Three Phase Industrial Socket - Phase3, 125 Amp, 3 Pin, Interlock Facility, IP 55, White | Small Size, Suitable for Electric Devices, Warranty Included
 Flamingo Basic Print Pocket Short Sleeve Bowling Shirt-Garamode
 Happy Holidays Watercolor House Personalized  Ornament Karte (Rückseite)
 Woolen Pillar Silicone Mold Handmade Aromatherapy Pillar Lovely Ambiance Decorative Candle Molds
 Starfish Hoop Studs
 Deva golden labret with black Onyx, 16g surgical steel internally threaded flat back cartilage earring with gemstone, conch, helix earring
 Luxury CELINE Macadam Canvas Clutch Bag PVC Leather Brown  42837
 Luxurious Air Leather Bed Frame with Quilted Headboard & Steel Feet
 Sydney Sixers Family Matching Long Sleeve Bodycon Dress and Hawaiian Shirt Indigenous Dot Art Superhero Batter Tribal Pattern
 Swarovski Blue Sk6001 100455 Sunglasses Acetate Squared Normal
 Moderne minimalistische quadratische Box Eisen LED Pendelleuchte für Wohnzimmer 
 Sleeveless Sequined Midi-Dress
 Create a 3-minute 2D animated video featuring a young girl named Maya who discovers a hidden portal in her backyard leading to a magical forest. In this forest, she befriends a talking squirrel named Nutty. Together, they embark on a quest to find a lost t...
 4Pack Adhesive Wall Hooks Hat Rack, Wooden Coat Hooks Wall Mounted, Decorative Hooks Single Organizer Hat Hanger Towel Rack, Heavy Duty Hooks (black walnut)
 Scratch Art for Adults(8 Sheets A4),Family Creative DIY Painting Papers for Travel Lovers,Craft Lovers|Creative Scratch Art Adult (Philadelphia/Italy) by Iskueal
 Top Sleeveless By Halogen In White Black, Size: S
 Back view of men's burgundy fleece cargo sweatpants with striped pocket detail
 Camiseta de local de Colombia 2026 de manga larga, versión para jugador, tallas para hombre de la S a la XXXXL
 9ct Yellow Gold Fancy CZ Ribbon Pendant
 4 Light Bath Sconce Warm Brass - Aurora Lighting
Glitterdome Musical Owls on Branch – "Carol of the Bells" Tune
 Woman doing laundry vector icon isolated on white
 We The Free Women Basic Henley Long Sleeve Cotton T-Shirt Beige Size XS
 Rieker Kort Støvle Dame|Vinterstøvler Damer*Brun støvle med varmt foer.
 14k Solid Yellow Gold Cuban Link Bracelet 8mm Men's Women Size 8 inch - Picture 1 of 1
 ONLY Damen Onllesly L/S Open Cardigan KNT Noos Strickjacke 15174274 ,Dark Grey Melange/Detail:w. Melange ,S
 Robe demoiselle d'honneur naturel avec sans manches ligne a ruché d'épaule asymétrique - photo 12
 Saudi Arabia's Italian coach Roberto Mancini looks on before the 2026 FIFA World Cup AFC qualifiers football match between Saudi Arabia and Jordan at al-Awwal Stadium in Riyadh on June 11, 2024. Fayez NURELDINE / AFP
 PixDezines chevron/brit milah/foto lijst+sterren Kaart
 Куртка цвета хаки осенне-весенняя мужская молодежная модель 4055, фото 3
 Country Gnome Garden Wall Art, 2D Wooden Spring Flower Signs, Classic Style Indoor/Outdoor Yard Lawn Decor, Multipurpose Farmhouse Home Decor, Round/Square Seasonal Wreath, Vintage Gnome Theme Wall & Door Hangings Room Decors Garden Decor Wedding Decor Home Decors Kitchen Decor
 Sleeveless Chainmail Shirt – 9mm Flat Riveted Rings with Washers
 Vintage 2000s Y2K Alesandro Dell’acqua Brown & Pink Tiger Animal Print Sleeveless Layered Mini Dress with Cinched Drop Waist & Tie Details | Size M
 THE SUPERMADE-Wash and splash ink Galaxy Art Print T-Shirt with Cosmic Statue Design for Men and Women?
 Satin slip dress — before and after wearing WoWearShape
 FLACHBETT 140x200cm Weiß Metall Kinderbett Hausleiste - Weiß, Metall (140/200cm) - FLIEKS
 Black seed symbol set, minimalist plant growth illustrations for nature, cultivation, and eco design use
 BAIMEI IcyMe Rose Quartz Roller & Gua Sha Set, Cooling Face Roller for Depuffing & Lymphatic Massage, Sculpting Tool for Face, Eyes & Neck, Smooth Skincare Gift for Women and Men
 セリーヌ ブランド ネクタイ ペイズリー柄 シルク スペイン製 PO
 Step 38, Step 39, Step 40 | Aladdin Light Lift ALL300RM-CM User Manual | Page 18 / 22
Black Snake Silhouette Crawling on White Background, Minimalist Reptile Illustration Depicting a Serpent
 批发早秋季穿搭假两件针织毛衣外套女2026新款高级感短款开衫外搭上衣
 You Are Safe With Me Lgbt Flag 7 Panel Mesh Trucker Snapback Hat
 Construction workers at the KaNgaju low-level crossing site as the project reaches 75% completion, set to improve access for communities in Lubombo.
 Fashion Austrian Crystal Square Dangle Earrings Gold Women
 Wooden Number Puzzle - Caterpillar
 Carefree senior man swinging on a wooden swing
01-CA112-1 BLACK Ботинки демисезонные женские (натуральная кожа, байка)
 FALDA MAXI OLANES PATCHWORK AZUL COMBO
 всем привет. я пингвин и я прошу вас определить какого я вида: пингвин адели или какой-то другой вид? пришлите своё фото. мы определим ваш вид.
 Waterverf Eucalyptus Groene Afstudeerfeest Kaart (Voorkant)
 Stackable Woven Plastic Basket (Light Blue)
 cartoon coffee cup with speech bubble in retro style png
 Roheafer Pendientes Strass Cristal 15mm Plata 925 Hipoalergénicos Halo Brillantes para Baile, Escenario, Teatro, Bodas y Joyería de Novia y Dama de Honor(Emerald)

****************************************

Work required:
Read through the entries above, and wherever a line holds the string "before", copy it.

Exercise response:
 Saudi Arabia's Italian coach Roberto Mancini looks on before the 2026 FIFA World Cup AFC qualifiers football match between Saudi Arabia and Jordan at al-Awwal Stadium in Riyadh on June 11, 2024. Fayez NURELDINE / AFP
 Satin slip dress — before and after wearing WoWearShape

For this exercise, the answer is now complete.